(Records from a data source)
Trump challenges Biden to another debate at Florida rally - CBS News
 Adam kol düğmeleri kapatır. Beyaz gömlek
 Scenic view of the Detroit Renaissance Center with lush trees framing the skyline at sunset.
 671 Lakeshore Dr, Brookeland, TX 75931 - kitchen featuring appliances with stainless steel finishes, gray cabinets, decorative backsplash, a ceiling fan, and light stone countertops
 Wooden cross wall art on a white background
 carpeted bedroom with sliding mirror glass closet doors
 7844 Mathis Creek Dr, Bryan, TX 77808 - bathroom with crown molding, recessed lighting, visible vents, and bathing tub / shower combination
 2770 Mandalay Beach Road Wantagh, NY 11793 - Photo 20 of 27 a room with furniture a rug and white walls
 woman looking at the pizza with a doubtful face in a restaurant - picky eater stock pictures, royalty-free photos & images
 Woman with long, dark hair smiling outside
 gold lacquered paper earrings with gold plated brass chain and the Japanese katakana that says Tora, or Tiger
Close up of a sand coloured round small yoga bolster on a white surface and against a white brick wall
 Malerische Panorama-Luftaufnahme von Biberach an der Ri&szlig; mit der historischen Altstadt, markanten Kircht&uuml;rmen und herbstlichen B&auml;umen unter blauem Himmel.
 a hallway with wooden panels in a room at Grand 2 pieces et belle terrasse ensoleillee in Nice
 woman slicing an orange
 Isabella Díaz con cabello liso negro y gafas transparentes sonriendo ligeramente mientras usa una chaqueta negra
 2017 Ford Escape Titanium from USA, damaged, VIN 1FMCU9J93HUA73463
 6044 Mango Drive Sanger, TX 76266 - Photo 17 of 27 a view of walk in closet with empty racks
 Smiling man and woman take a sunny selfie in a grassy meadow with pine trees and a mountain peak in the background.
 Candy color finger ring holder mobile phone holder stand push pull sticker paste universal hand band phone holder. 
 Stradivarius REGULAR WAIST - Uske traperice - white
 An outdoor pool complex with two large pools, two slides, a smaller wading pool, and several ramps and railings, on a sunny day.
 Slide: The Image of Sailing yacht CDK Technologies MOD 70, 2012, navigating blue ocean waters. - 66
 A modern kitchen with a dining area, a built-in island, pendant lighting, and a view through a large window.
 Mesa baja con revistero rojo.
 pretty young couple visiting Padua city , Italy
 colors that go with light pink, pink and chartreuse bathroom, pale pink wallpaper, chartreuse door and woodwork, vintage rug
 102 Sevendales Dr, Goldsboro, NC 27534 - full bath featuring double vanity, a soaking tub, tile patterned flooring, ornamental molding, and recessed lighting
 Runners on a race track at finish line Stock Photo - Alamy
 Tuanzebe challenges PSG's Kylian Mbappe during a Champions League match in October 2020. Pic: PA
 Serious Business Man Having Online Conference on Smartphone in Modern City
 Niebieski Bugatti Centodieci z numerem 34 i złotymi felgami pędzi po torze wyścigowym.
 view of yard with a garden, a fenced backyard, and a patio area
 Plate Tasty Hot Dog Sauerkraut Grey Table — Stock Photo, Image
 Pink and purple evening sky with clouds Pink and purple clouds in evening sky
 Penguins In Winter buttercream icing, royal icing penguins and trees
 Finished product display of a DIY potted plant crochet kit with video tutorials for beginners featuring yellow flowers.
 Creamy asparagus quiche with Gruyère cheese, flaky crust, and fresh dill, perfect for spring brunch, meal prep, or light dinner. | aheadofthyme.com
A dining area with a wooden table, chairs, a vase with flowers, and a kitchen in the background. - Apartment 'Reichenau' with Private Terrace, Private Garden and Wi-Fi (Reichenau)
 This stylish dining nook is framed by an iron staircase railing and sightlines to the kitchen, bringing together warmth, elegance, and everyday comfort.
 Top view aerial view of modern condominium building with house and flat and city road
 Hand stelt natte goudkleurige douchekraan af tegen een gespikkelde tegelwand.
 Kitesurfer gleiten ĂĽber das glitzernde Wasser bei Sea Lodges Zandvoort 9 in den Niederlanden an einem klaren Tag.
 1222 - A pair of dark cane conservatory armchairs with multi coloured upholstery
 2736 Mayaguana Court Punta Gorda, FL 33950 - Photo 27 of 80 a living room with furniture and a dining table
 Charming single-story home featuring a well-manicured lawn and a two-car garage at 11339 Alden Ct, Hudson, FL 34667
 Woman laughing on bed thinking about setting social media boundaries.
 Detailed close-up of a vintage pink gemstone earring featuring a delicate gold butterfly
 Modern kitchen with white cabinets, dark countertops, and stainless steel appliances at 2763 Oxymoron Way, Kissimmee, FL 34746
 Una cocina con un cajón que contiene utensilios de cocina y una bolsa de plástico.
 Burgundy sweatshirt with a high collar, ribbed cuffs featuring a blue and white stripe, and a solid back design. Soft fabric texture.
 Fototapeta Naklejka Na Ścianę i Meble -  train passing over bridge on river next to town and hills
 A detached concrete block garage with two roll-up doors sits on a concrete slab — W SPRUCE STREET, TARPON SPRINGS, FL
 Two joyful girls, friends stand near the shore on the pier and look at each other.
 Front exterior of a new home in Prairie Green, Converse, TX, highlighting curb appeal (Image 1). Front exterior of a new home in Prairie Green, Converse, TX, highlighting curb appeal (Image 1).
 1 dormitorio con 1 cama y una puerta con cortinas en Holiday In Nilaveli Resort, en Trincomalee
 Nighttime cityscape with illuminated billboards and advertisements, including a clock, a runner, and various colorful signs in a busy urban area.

◆ What to do
Return, word for word, every line from the line with "Two joyful girls, friends" to the final line of the data.

◆ Response area
 Two joyful girls, friends stand near the shore on the pier and look at each other.
 Front exterior of a new home in Prairie Green, Converse, TX, highlighting curb appeal (Image 1). Front exterior of a new home in Prairie Green, Converse, TX, highlighting curb appeal (Image 1).
 1 dormitorio con 1 cama y una puerta con cortinas en Holiday In Nilaveli Resort, en Trincomalee
 Nighttime cityscape with illuminated billboards and advertisements, including a clock, a runner, and various colorful signs in a busy urban area.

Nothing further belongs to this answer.